Recent vulnerability findings have unveiled a significant design flaw within Google Workspace’s domain-wide delegation (DWD) feature. Cybersecurity researchers have reported that this flaw could enable malicious actors to escalate privileges and gain unauthorized access to Google Workspace APIs, bypassing super admin requirements. The analysis highlights the seriousness of this vulnerability, which poses risks such as the potential exfiltration of emails from Gmail or sensitive data from other Google services.
According to cybersecurity firm Hunters, the flaw—nicknamed DeleFriend—manipulates existing delegations in both the Google Cloud Platform (GCP) and Google Workspace, allowing individuals without super admin privileges to exploit this backdoor. This is troubling, as it facilitates unauthorized actions across all accounts within a targeted domain, increasing the broad impact of a single breach.
In a response to the findings, Google has rebuffed claims labeling the issue as a design flaw. The company maintains that the report does not point to a fundamental security weakness in its products and advises users to apply the principle of least privilege to mitigate potential risks effectively.

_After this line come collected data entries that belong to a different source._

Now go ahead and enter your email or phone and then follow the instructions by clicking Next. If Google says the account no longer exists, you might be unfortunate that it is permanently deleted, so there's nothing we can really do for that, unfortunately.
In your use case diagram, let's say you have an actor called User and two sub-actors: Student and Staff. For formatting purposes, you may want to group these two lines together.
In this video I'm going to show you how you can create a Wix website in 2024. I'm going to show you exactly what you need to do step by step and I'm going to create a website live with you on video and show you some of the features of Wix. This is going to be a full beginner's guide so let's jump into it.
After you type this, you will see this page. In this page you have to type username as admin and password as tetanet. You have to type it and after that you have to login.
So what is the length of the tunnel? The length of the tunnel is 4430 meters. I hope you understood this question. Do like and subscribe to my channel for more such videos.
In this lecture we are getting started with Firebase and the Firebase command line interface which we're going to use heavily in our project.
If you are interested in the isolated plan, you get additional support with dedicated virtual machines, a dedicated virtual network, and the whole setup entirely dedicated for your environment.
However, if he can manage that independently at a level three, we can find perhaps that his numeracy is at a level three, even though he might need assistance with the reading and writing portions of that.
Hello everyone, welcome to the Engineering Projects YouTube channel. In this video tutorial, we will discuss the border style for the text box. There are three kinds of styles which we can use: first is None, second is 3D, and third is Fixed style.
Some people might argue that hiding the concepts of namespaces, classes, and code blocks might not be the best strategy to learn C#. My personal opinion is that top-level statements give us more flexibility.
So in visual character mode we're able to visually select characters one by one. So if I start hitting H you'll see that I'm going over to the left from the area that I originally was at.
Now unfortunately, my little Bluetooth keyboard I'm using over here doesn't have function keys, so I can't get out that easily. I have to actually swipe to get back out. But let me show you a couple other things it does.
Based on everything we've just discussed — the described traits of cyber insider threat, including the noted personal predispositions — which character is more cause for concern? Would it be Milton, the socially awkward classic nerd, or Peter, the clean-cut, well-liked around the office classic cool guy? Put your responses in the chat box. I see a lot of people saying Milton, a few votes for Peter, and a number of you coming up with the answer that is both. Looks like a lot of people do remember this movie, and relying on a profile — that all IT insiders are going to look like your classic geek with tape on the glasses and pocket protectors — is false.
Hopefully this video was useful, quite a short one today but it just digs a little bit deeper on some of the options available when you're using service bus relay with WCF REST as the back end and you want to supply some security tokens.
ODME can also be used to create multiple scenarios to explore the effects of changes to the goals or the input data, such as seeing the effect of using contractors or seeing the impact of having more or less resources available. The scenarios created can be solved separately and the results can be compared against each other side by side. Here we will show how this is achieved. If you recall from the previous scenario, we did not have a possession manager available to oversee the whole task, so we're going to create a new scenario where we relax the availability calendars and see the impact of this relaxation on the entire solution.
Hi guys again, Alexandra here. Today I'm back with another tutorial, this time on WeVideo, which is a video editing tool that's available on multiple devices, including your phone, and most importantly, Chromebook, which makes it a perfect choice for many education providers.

They emphasize that ensuring minimal access rights is crucial in defending against such vulnerabilities.
Google describes domain-wide delegation as a “powerful feature” that allows various internal and third-party applications to access user data across an organization’s Google Workspace environment. However, this power necessitates stringent checks and balances, given the potential misuses highlighted by security researchers.
The fundamental issue lies in how domain delegation is configured. It depends on the service account’s resource identifier (OAuth ID) instead of relying on the specific private keys associated with that identity. Consequently, users with limited access could generate multiple JSON web tokens (JWTs) with different OAuth scopes, allowing them to discover successful combinations that exploit enabled delegations.
This exploitation opens a pathway for attackers to create new private keys tied to GCP service accounts equipped with existing delegation permissions. Such access could potentially allow them to conduct API calls to Google Workspace on behalf of any identity within the affected domain, merging several unauthorized actions under a single breach event.
The ramifications of this vulnerability extend to critical data stored across Google’s services, including Gmail, Google Drive, and Calendar. As Hunter’s research underscores, an exploited DWD can affect every identity within the domain rather than targeting individual accounts, amplifying the overall risk.
In light of these findings, it is clear that organizations utilizing Google Workspace should conduct thorough audits of their domain-wide delegation configurations and enforce stringent access controls. Palo Alto Networks Unit 42 has confirmed similar vulnerabilities in their own analysis and has been in discussions with Google regarding these risks since June 2023, emphasizing the potential for unauthorized access through compromised credentials.